▶ **SUPPLIED MATERIAL**
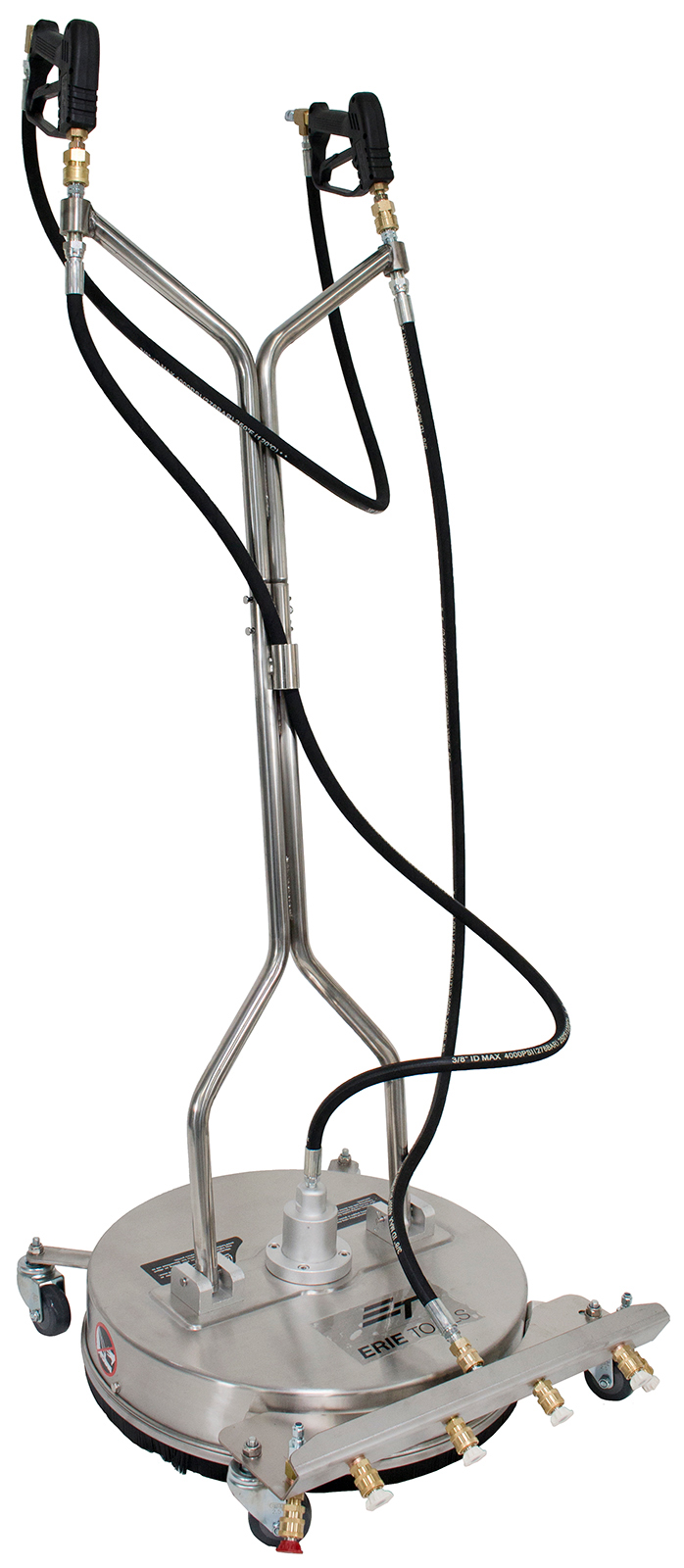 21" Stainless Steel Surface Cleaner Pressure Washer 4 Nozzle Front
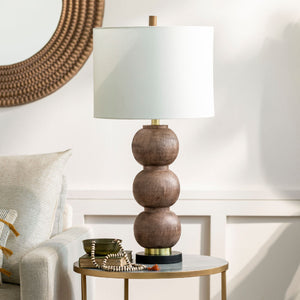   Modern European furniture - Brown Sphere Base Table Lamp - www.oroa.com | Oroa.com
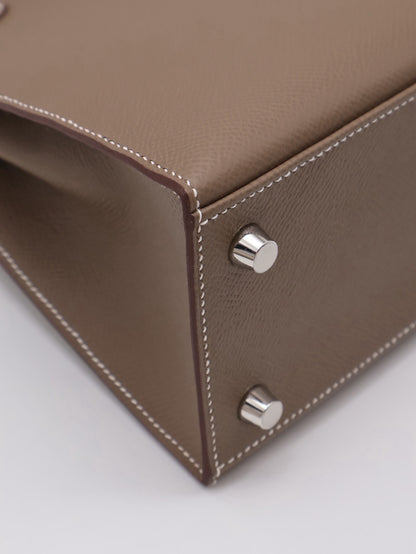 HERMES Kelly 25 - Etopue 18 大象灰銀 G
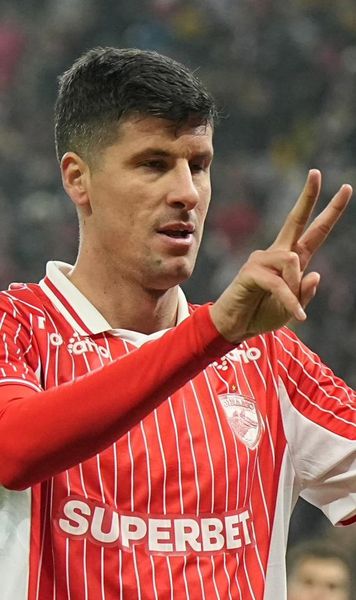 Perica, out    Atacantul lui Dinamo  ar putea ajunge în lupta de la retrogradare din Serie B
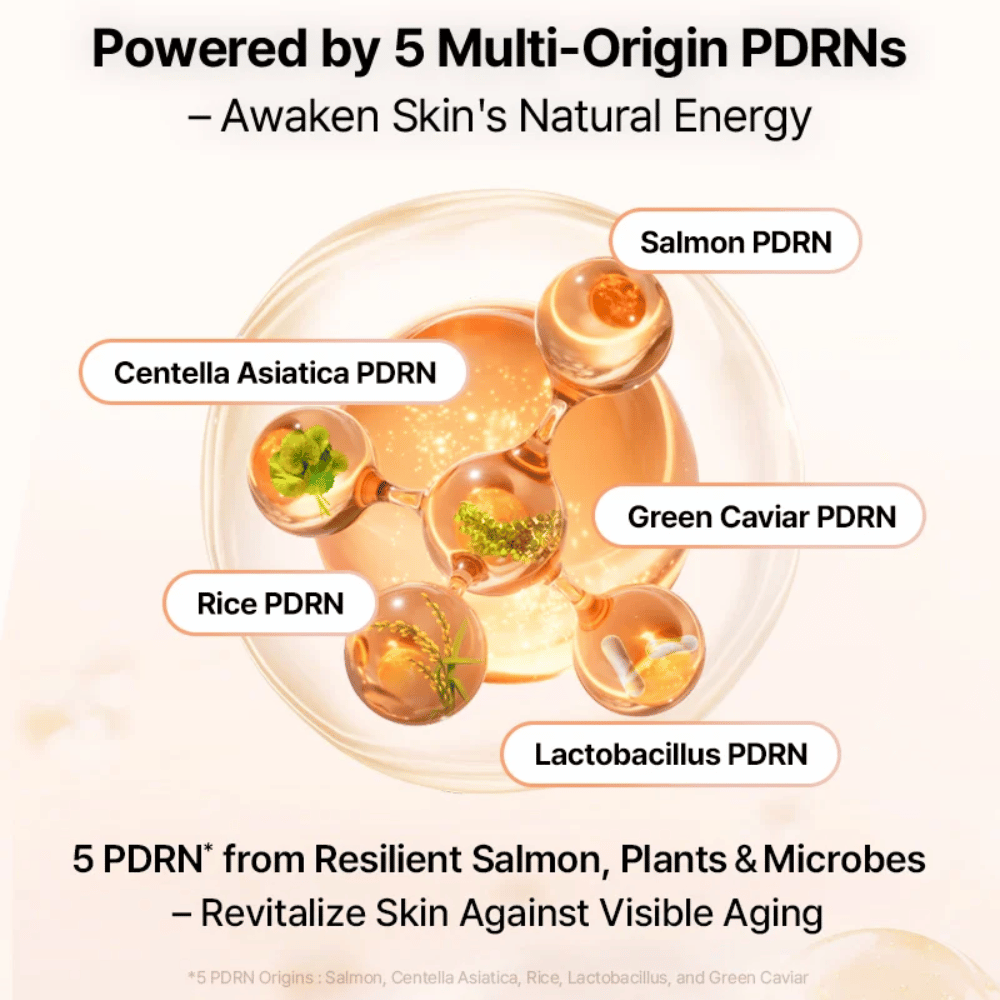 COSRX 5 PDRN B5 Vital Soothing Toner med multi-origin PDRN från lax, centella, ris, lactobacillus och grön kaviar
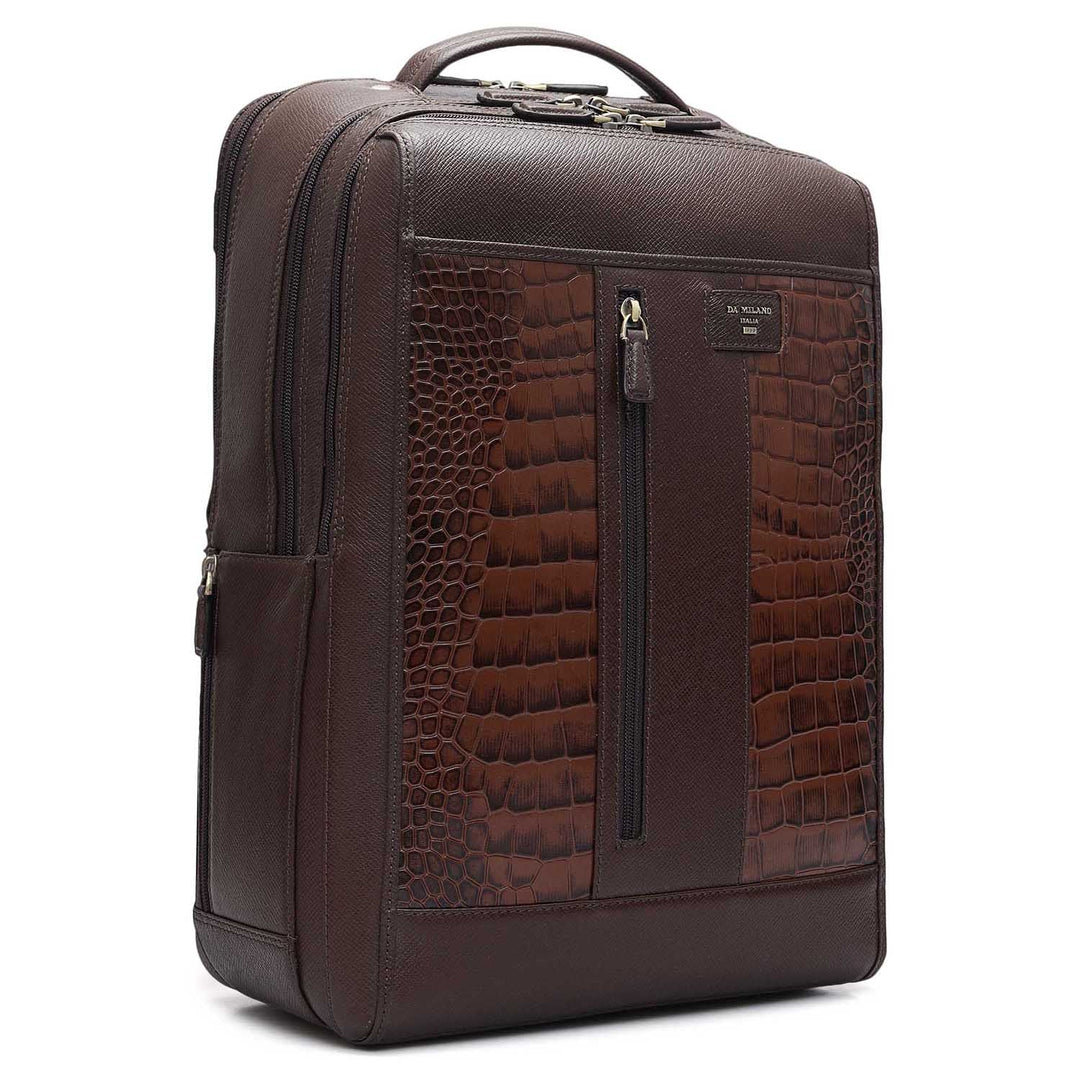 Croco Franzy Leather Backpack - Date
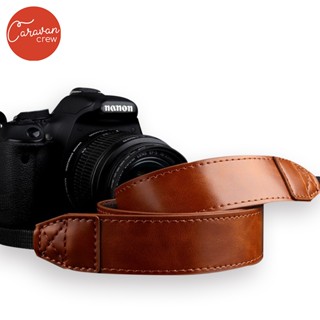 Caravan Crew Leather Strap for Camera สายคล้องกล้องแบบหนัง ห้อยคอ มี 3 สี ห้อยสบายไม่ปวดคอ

▶ **TASK REQUIREMENTS**
The answer must be an exact copy of the lines from the start of the records above through the line containing "COSRX 5 PDRN", with no pictures in it.

▶ **RESPONSE FOR THIS EXERCISE**
 21" Stainless Steel Surface Cleaner Pressure Washer 4 Nozzle Front
   Modern European furniture - Brown Sphere Base Table Lamp - www.oroa.com | Oroa.com
 HERMES Kelly 25 - Etopue 18 大象灰銀 G
 Perica, out    Atacantul lui Dinamo  ar putea ajunge în lupta de la retrogradare din Serie B
 COSRX 5 PDRN B5 Vital Soothing Toner med multi-origin PDRN från lax, centella, ris, lactobacillus och grön kaviar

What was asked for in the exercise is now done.